La zone Cemac connaît une évolution contraire à la tendance continentale. Selon les estimations de la Banque des États de l’Afrique centrale (Beac) reprises par Afreximbank, l’excédent commercial régional est tombé à 3 370 milliards de FCFA en 2025, contre 6 914 milliards de FCFA en 2024, une contraction de plus de moitié en un an. Le recul des prix du pétrole et le ralentissement de la demande mondiale expliquent l’essentiel de cette évolution. Le Gabon reste le premier contributeur à cet excédent régional, avec un solde positif de 4 008,9 milliards de FCFA (environ 6,9 milliards de dollars), porté par ses ventes de pétrole, de manganèse et de bois. Le Congo, deuxième exportateur de la sous-région, voit son excédent chuter de plus de 70 %, à 720,5 milliards de FCFA, ses exportations reculant de 10,15 % pendant que ses importations bondissent de 54,85 %.

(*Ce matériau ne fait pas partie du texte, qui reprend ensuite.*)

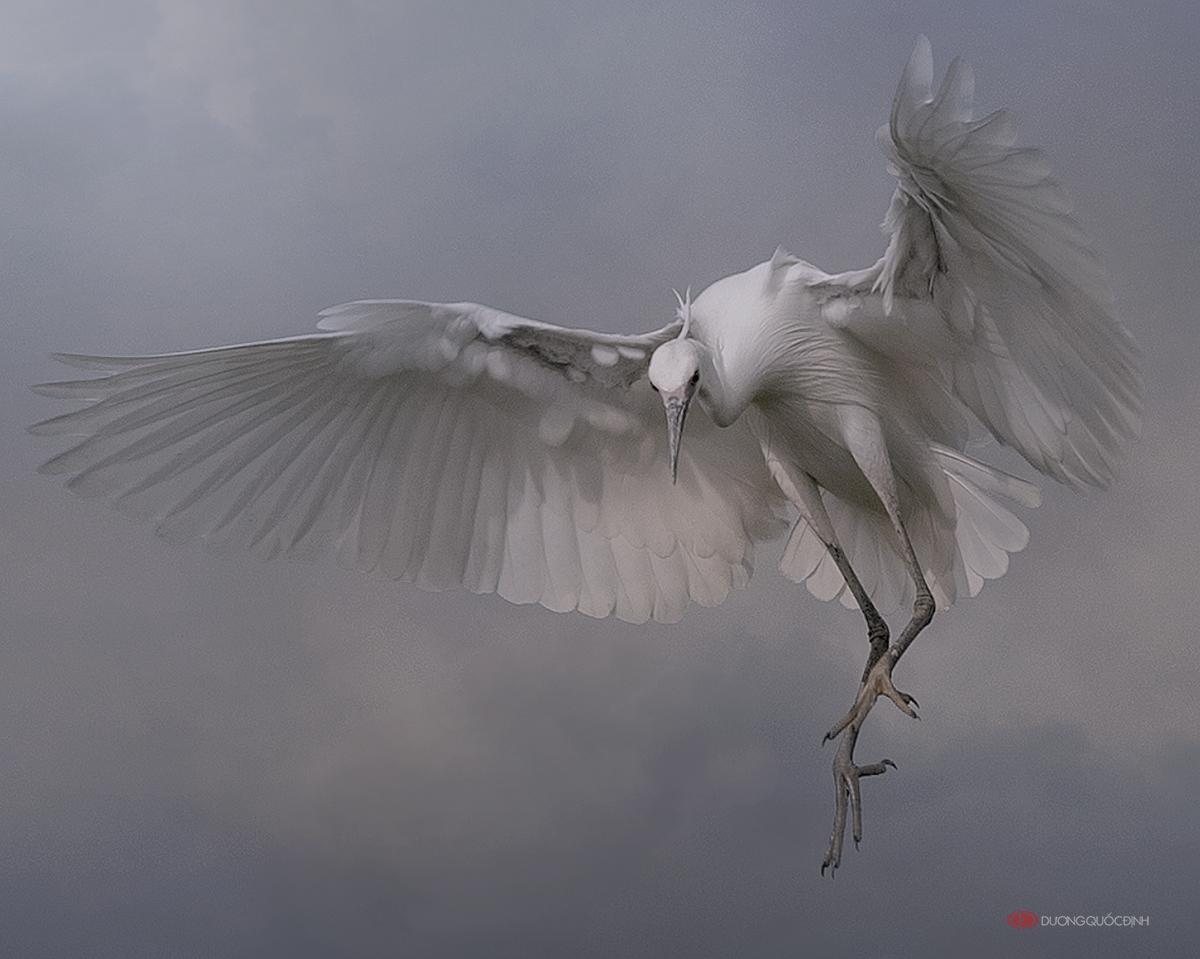 белая хохлатая цапля. птица в полете. журавль в полете. крыло птицы. сипуха белая полярная сова.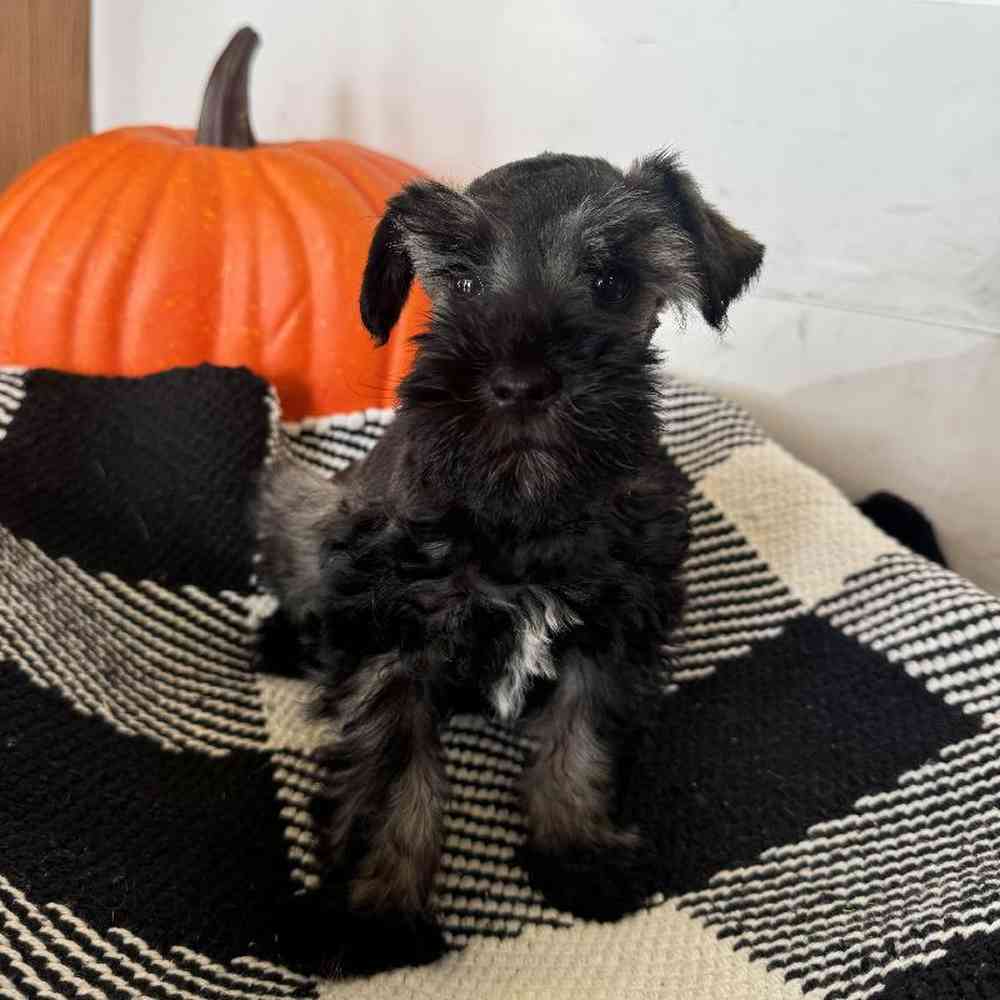 Female Mini Schnauzer Puppy for Sale in Joplin, MO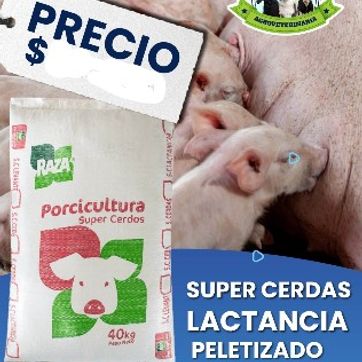 Imagen del producto SUPER CERDAS LACTANCIA x 40 Kilos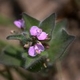 Photos of plants with pink or purple bloom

Le Cameroun occupe une position plus modeste dans ce paysage régional. Le pays figure au 19ᵉ rang des exportateurs africains avec 1,1 % de parts de marché, derrière le Congo (16ᵉ, 1,4 %) et le Gabon (17ᵉ, 1,3 %), selon les données reprises par Investir au Cameroun à partir du rapport Afreximbank. Sur le plan national, l’Institut national de la statistique indique que les recettes d’exportation camerounaises ont reculé de 5,2 % en 2025, à 3 084 milliards de FCFA, pendant que les importations ont progressé de 4,6 %, portant le déficit commercial global du pays à 2 145,2 milliards de FCFA, contre 1 747,3 milliards en 2024.
Le poids du continent dans les échanges extérieurs du Cameroun reste limité. En 2024, les exportations camerounaises vers l’Afrique représentaient 9,4 % des recettes totales, et les importations en provenance du continent 10,9 % des dépenses, selon l’INS.
Le Tchad demeure de loin le premier client africain du Cameroun, absorbant à lui seul près de 60 % des exportations camerounaises vers le continent, essentiellement des huiles brutes de pétrole, du savon de ménage et des bois sciés. La République centrafricaine, l’Afrique du Sud et le Nigeria suivent, loin derrière. Côté importations, le Nigeria est le premier fournisseur africain du Cameroun, devant la Côte d’Ivoire, le Togo, le Maroc et la Mauritanie, sans qu’aucun pays africain ne dépasse 3 % des parts de marché face à la Chine, qui concentre à elle seule plus de 22 % des importations camerounaises.
Un Camerounais, George Elombi, a par ailleurs été élu à la présidence d’Afreximbank lors de l’assemblée générale de la banque tenue à Abuja en 2025, où le rapport 2025 avait été présenté avant l’édition 2026.